Only those lines in the data below from the line containing "Elephant T Shirt" through the line containing "Hella Push Button", both included, should be restated word for word.

* _DATA RECORDS_
┄┄┄┄┄┄

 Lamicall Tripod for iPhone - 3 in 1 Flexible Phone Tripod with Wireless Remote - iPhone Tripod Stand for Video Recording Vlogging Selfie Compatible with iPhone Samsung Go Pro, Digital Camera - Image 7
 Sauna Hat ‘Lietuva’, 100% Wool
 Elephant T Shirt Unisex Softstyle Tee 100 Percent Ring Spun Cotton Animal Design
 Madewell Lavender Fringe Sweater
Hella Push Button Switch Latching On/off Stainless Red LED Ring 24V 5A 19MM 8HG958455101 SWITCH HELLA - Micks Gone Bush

┄┄┄┄┄┄

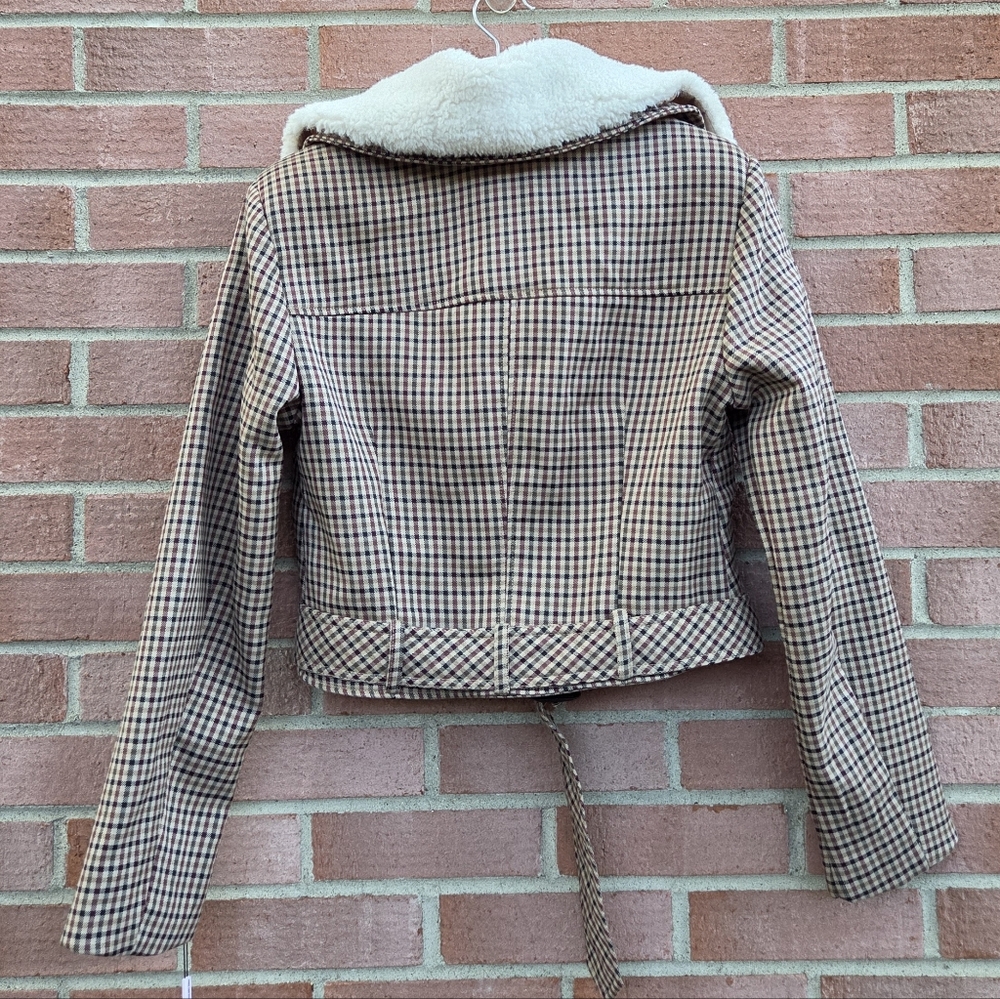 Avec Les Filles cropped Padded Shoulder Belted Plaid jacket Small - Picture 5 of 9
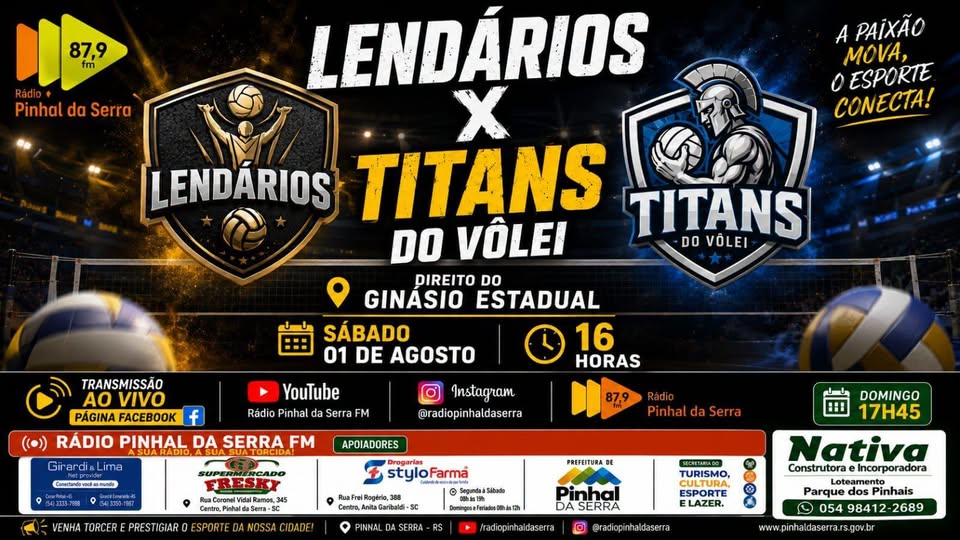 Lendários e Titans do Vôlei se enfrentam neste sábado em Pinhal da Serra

┄┄┄┄┄┄

* _EXERCISE RESULT_
 Elephant T Shirt Unisex Softstyle Tee 100 Percent Ring Spun Cotton Animal Design
 Madewell Lavender Fringe Sweater
Hella Push Button Switch Latching On/off Stainless Red LED Ring 24V 5A 19MM 8HG958455101 SWITCH HELLA - Micks Gone Bush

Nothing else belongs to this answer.